»»

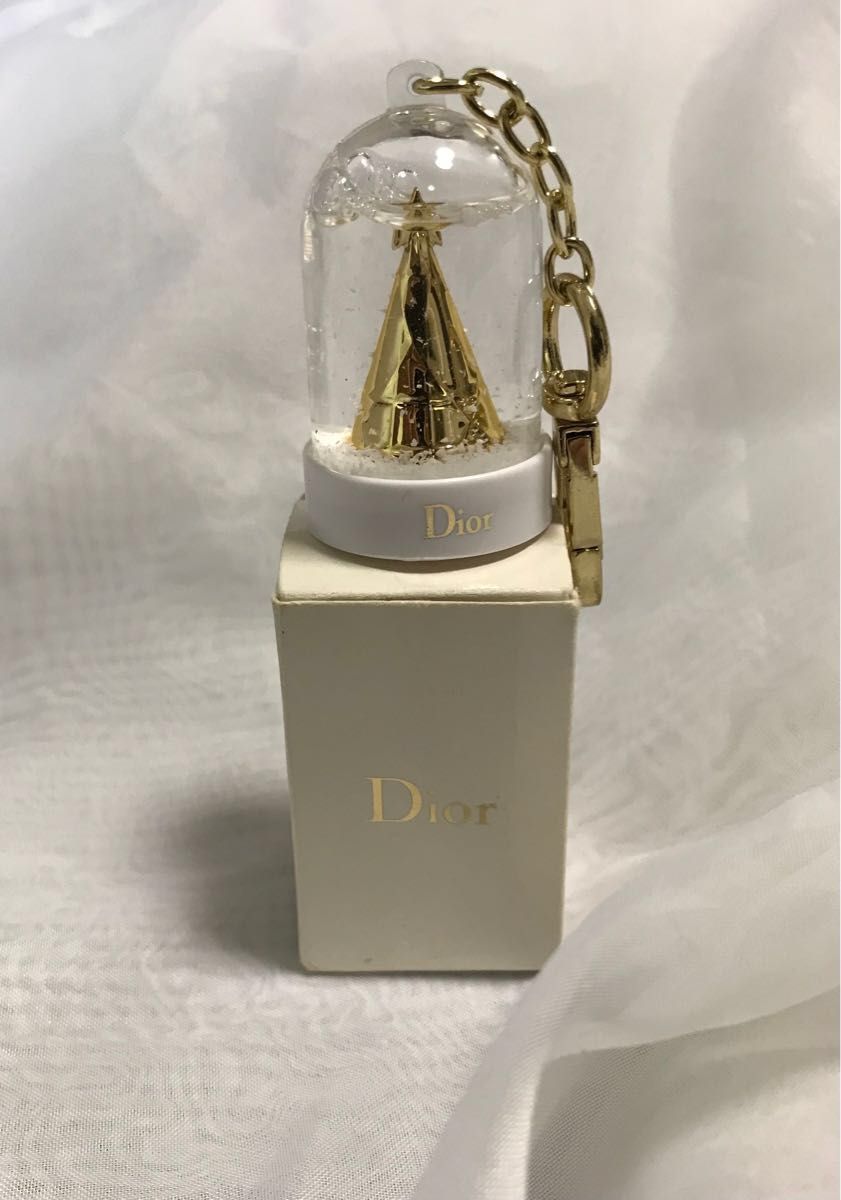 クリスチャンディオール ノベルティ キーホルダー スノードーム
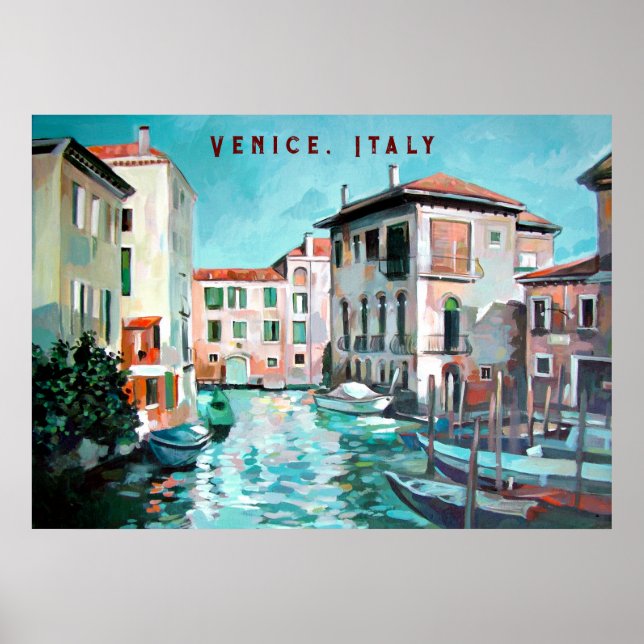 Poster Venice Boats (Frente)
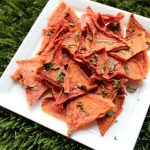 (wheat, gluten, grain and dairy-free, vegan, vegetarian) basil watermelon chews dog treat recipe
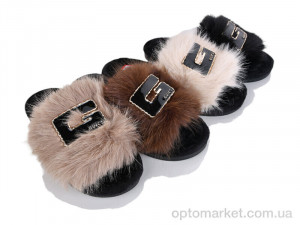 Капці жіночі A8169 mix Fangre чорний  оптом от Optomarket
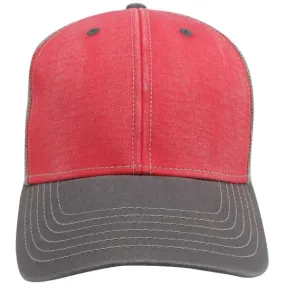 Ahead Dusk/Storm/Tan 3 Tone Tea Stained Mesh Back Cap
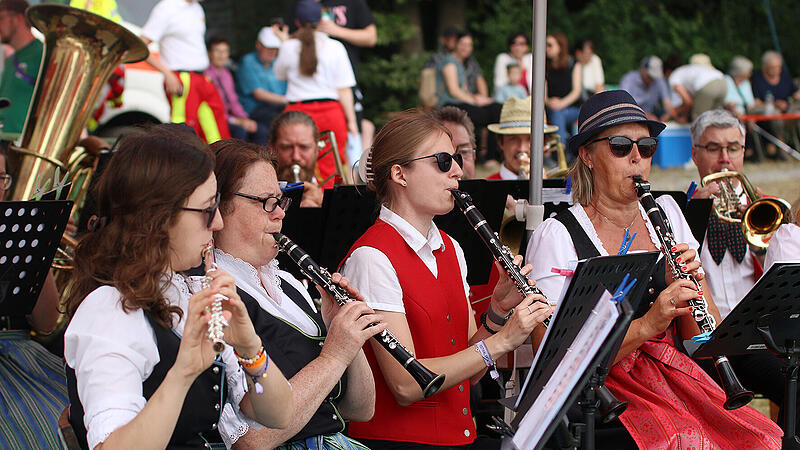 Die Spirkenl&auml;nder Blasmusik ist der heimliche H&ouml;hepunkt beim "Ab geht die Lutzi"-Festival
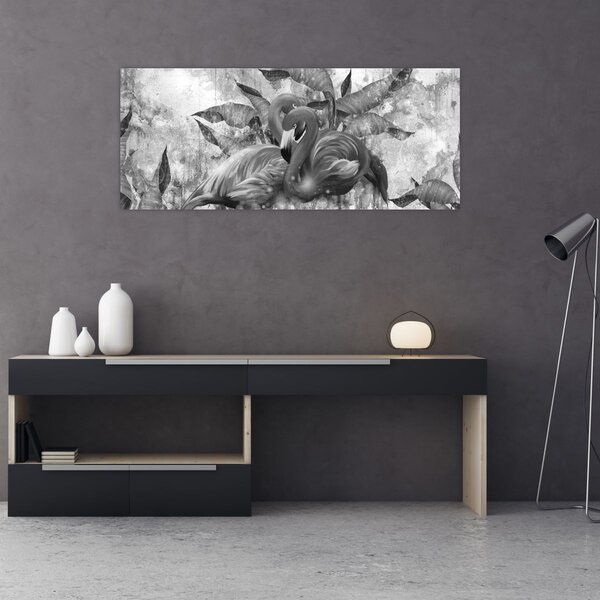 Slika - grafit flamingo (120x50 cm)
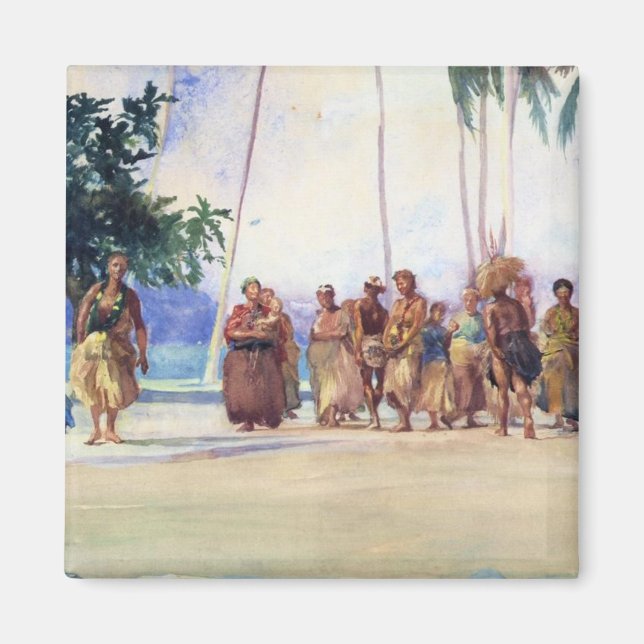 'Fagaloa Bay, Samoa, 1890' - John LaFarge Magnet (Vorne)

««

Without the pictures, give the entries above back exactly.

 クリスチャンディオール ノベルティ キーホルダー スノードーム
 Poster Venice Boats (Frente)
 (wheat, gluten, grain and dairy-free, vegan, vegetarian) basil watermelon chews dog treat recipe
 Капці жіночі A8169 mix Fangre чорний  оптом от Optomarket
 Ahead Dusk/Storm/Tan 3 Tone Tea Stained Mesh Back Cap
 Die Spirkenl&auml;nder Blasmusik ist der heimliche H&ouml;hepunkt beim "Ab geht die Lutzi"-Festival
 Slika - grafit flamingo (120x50 cm)
 'Fagaloa Bay, Samoa, 1890' - John LaFarge Magnet (Vorne)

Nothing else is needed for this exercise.